View previous topic :: View next topic |
Author |
Message |
gabefarkas
Joined: 31 Dec 2004 Posts: 879 Location: Durham, NC
|
Posted: Mon Jul 16, 2007 8:11 am Post subject: |
|
|
Along these lines, is there any possibility of doing a career similarity, not just player-season? |
|
Back to top |
|
|
Ben
Joined: 13 Jan 2005 Posts: 202 Location: Iowa City
|
Posted: Mon Jul 16, 2007 2:10 pm Post subject: |
|
|
Just came across this thread - it looks great, Justin. |
|
Back to top |
|
|
jkubatko
Joined: 05 Jan 2005 Posts: 508 Location: Columbus, OH
|
Posted: Mon Jul 16, 2007 2:54 pm Post subject: |
|
|
Re: the similarity scores, it's not as easy as it may sound. Calculating the sim scores on the fly is too time-intensive, and a table with every possible player/season combination would be ginormous (hey, Merriam-Webster says it's a word now). I'll have to think about this. _________________ Regards,
Justin Kubatko
Basketball Stats! |
|
Back to top |
|
|
THWilson
Joined: 19 Jul 2005 Posts: 126 Location: phoenix
|
Posted: Mon Jul 16, 2007 4:51 pm Post subject: |
|
|
jkubatko wrote: | Re: the similarity scores, it's not as easy as it may sound. Calculating the sim scores on the fly is too time-intensive, and a table with every possible player/season combination would be ginormous (hey, Merriam-Webster says it's a word now). I'll have to think about this. |
I don't know if this is feasible, but just a thought. Since sim scores are based (primarily) on standard deviations away from the mean for that season, couldn't you create a table which doesn't have any of the actual player figures, but just their standard deviations above or below the mean? You could add in height and then there would be all the necessary fields on that table. Then to calculate on the fly you'd just have to reference this one similarity-table. Would that solve the time intensity issue? |
|
Back to top |
|
|
Ed Küpfer
Joined: 30 Dec 2004 Posts: 616 Location: Toronto
|
Posted: Mon Jul 16, 2007 5:03 pm Post subject: |
|
|
THWilson wrote: | Since sim scores are based (primarily) on standard deviations away from the mean for that season, couldn't you create a table which doesn't have any of the actual player figures, but just their standard deviations above or below the mean? You could add in height and then there would be all the necessary fields on that table. |
That would be 11 variables for each player season.

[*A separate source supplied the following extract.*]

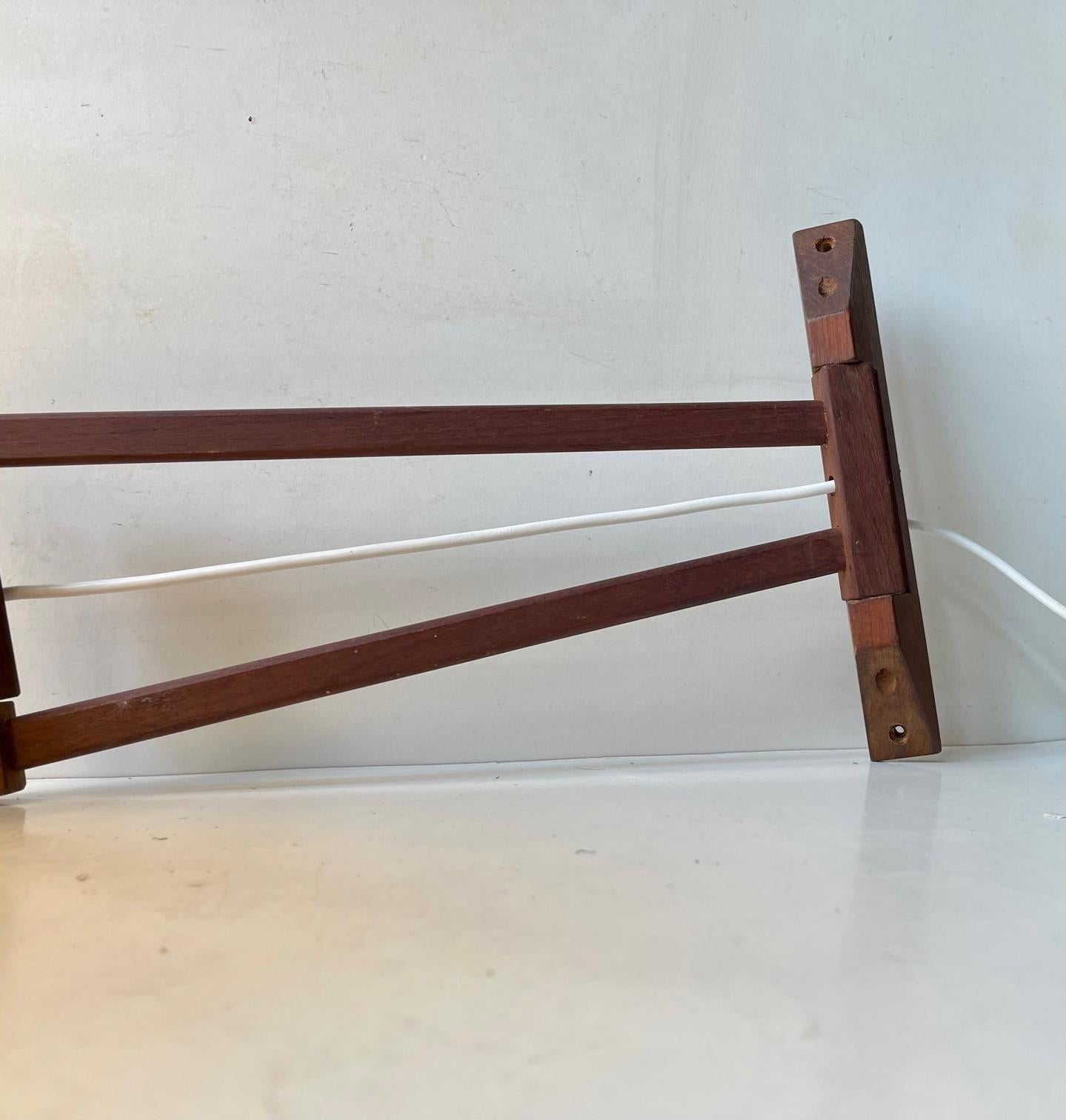 Danish Adjustable Accordion Wall Lamp in Teak, 1970s In Good Condition In Esbjerg, DK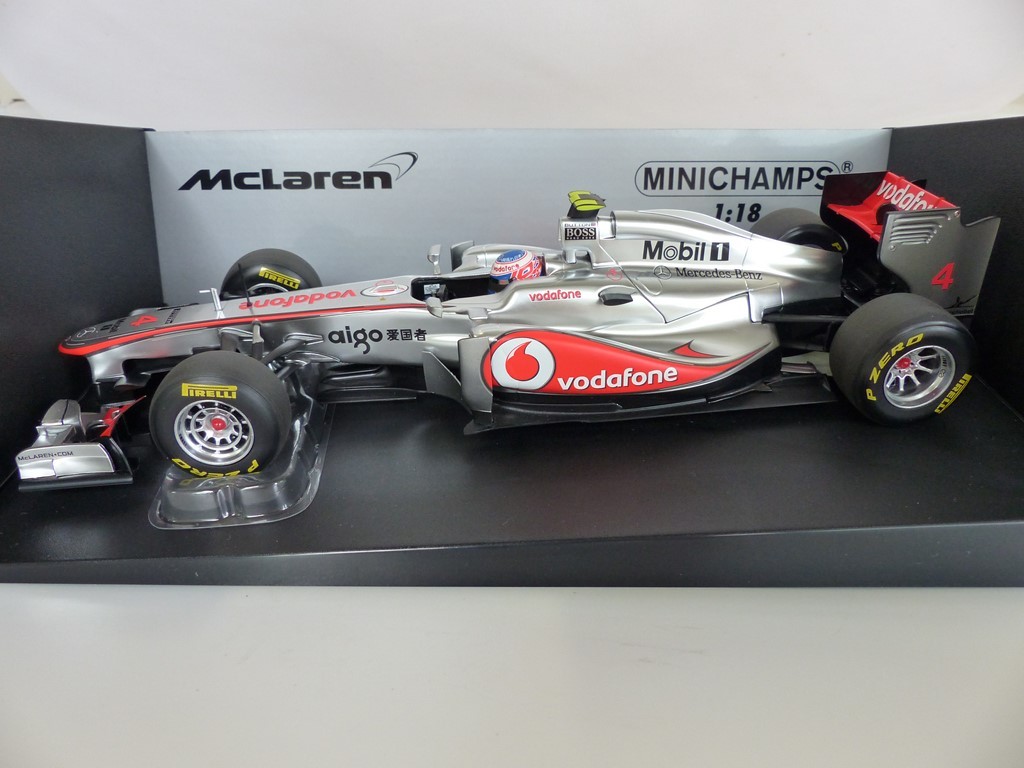 Minichamps Mclaren Mercedes Mp4 26 N 4 Button 11 1 18 Boutique Auto Moto Spark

Quote: | Then to calculate on the fly you'd just have to reference this one similarity-table. Would that solve the time intensity issue? |
Since there are about 500 players/season, the similarity distance matrix would be 15,000 x 15,000. That is pretty big. _________________ ed |
|
Back to top |
|
|
THWilson
Joined: 19 Jul 2005 Posts: 126 Location: phoenix
|
Posted: Tue Jul 17, 2007 10:41 am Post subject: |
|
|
Ed Küpfer wrote: |
Quote: | Then to calculate on the fly you'd just have to reference this one similarity-table. Would that solve the time intensity issue? |
Since there are about 500 players/season, the similarity distance matrix would be 15,000 x 15,000. That is pretty big. |
I'm not saying a matrix.
My suggestion was a z-score database on which you could use the exact same steps that Justin is already using to pull up the per-game or total counts for the two players, plus one more step to calculate the differences? Like he does here: http://www.basketball-reference.com/about/similar.html
Rather than doing the whole thing on the fly, or pre-calculating the whole thing, he would have one step pre-calculated (the z-scores), and the second step done at the time of the query (the difference summation). I don't think that would be especially large or especially long running. Make sense? |
|
Back to top |
|
|
Ed Küpfer
Joined: 30 Dec 2004 Posts: 616 Location: Toronto
|
Posted: Tue Jul 17, 2007 3:10 pm Post subject: |
|
|
THWilson wrote: | Rather than doing the whole thing on the fly, or pre-calculating the whole thing, he would have one step pre-calculated (the z-scores), and the second step done at the time of the query (the difference summation). I don't think that would be especially large or especially long running. Make sense? |
I don't know if I understand you. You can have all the differences pre-calculated, but you'd still have to store them in that big ass matrix. If you want to compare 2 or more players, you'd need to either caculate the differences on the fly or look up the calculated differences from that player x player matrix.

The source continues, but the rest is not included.